■ EXERCISE: Print exactly the lines below between the line containing "KLİMA BASINÇ MÜŞÜRÜ RENAULT MEGANE III" and the line containing "Img_30820140.jpg 5M WHITE", counting both of those lines. Leave pictures out.

■ RECORDS FOR THIS EXERCISE:
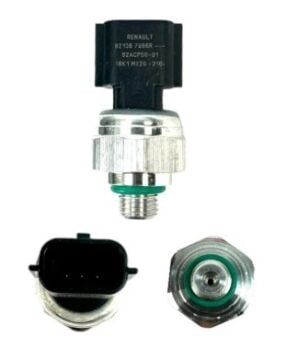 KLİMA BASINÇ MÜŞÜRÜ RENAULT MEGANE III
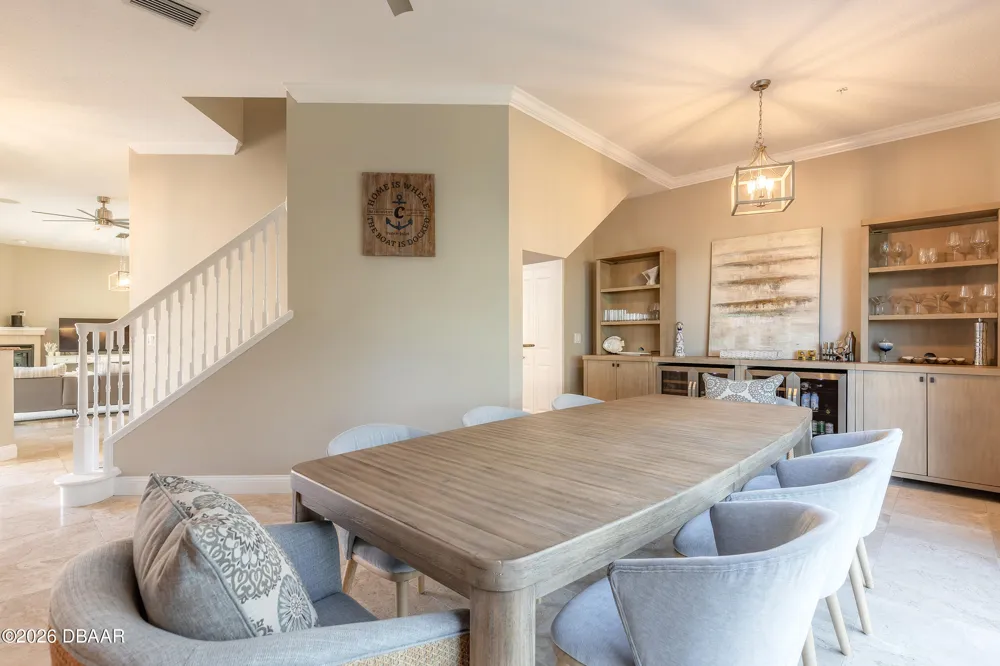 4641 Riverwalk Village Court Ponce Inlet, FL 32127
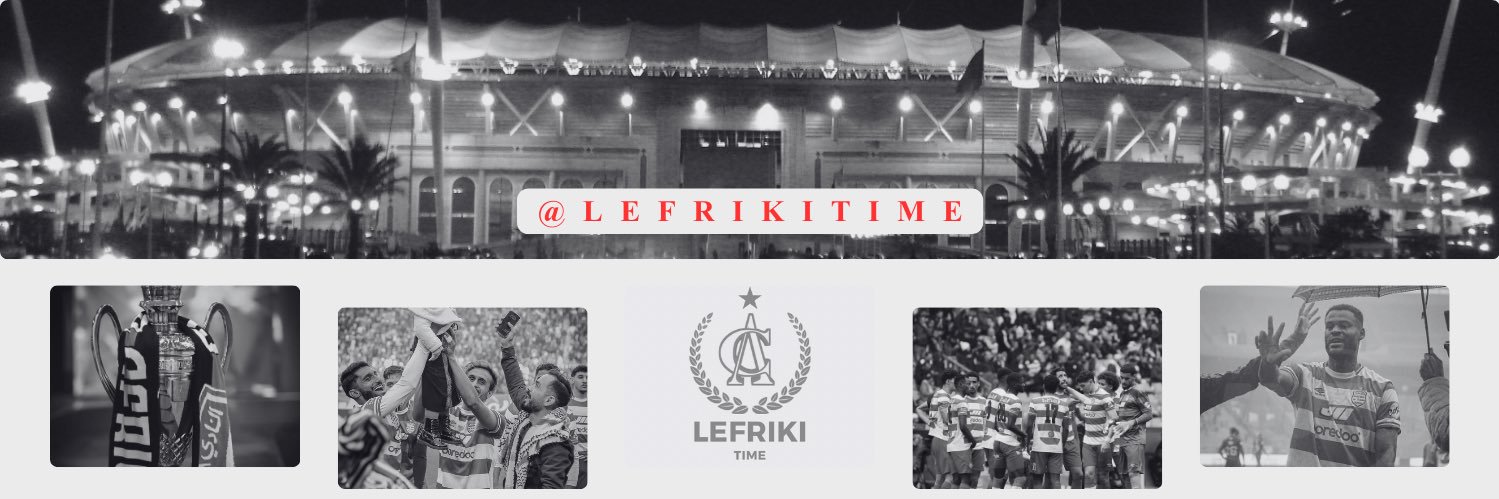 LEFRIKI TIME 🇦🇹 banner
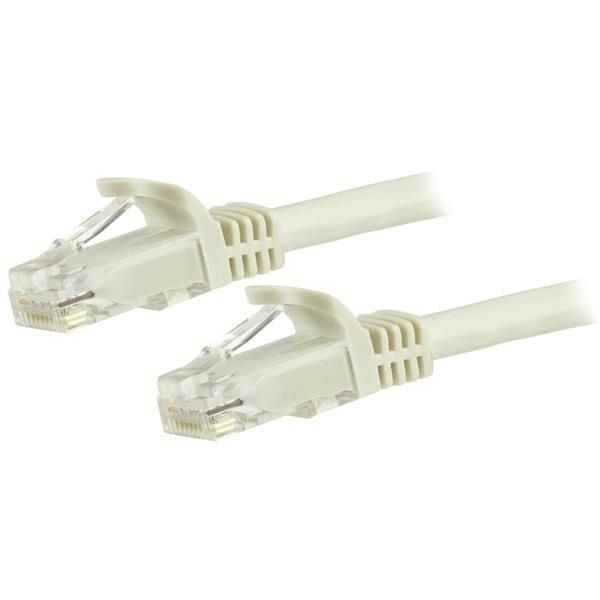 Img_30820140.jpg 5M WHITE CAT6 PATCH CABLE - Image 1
...
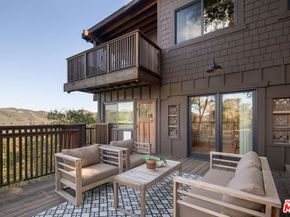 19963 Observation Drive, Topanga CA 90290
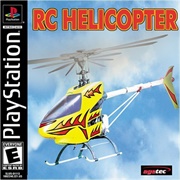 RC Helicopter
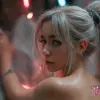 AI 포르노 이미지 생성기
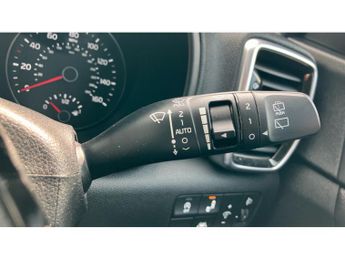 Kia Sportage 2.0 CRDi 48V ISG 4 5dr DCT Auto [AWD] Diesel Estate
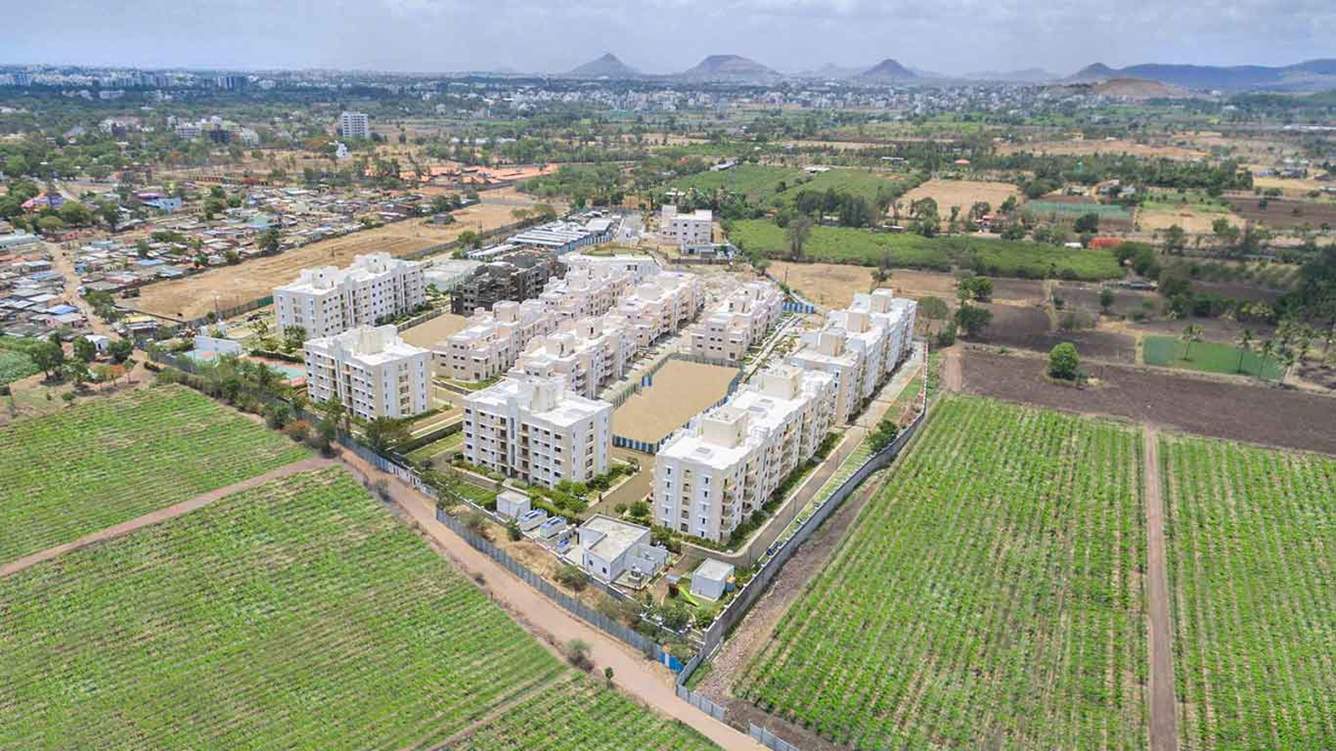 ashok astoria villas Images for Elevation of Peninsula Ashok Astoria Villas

■ EXERCISE OUTPUT:
 KLİMA BASINÇ MÜŞÜRÜ RENAULT MEGANE III
 4641 Riverwalk Village Court Ponce Inlet, FL 32127
 LEFRIKI TIME 🇦🇹 banner
 Img_30820140.jpg 5M WHITE CAT6 PATCH CABLE - Image 1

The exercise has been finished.